• **WHAT TO WORK ON**
Without the pictures, output all of the data exactly.

• **DATA FOR REVIEW**
------------------------
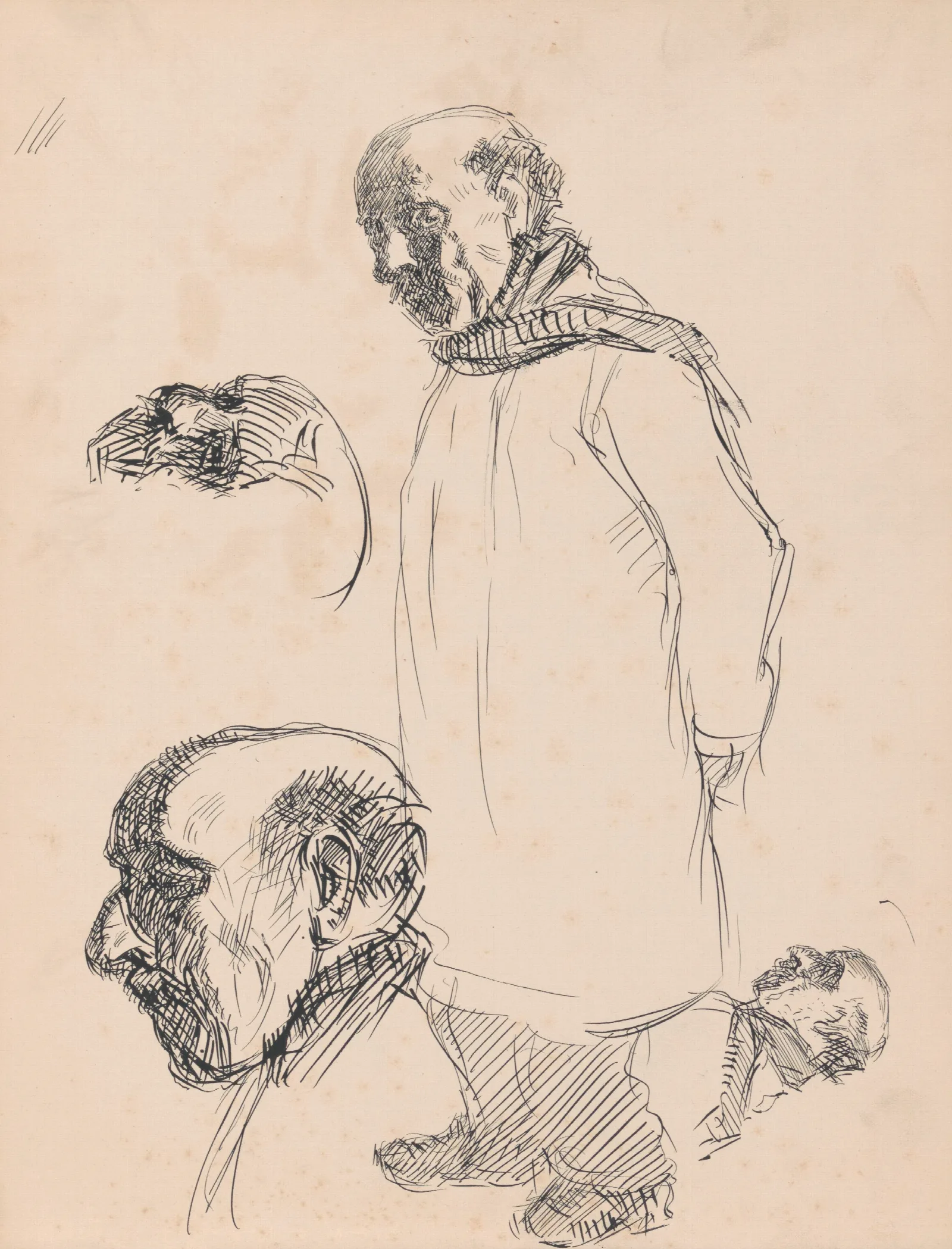 Standing Man And Two Heads Wall Art by Jules Schmalzigaug - Canvas Print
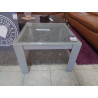 TABLE BASSE MÉTAL ET VERRE BRISÉ CARRÉE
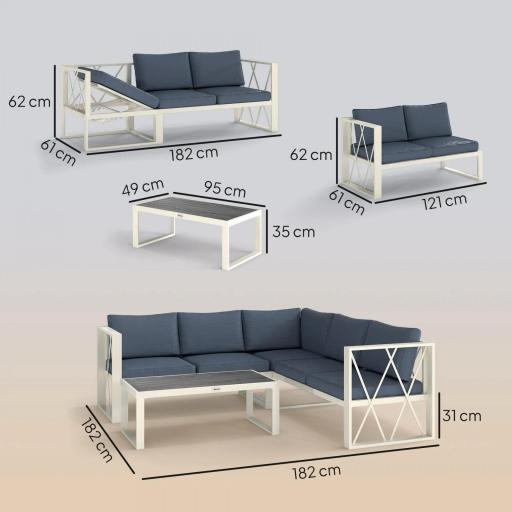 Conjunto de Jardín Exterior con 2 Sofás de 2 Plazas con Asiento Ajustable Sofá de Esquina y Mesa de Centro Beige y Gris [1]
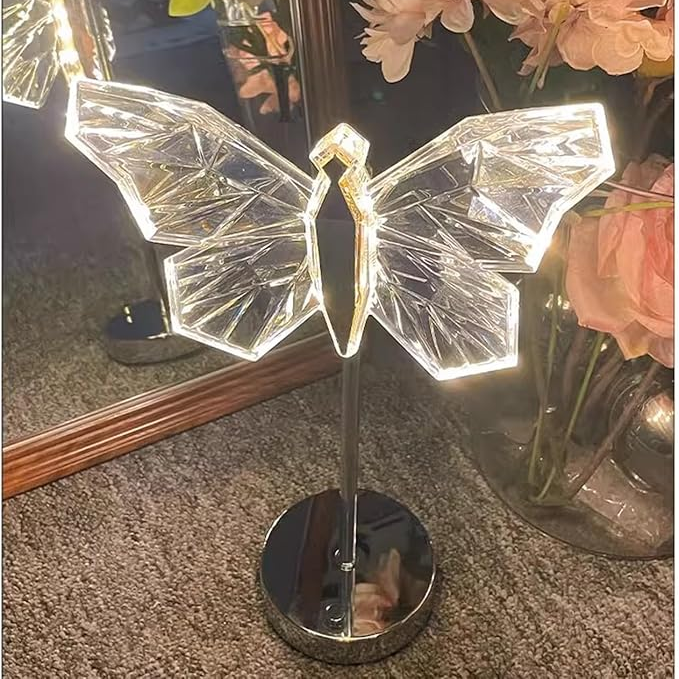 Luminara Crystal Butterfly Accent LED Lamp For Bedroom Decor And Nightstands Soft Glow Ambience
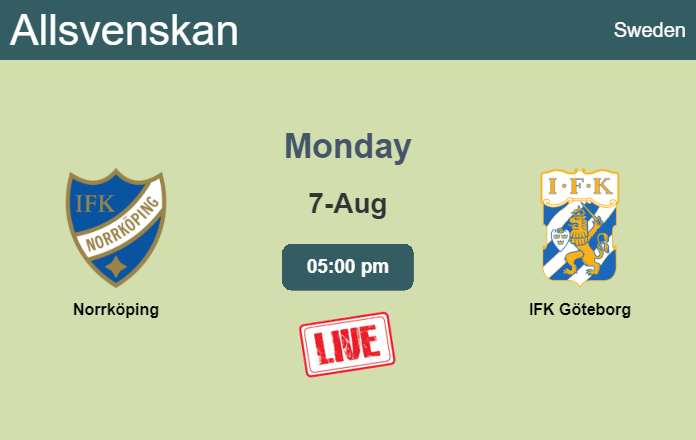 How to watch Norrköping vs. IFK Göteborg on live stream and at what time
------------------------
• **OUTPUT OF THE TASK**
 Standing Man And Two Heads Wall Art by Jules Schmalzigaug - Canvas Print
 TABLE BASSE MÉTAL ET VERRE BRISÉ CARRÉE
 Conjunto de Jardín Exterior con 2 Sofás de 2 Plazas con Asiento Ajustable Sofá de Esquina y Mesa de Centro Beige y Gris [1]
 Luminara Crystal Butterfly Accent LED Lamp For Bedroom Decor And Nightstands Soft Glow Ambience
 How to watch Norrköping vs. IFK Göteborg on live stream and at what time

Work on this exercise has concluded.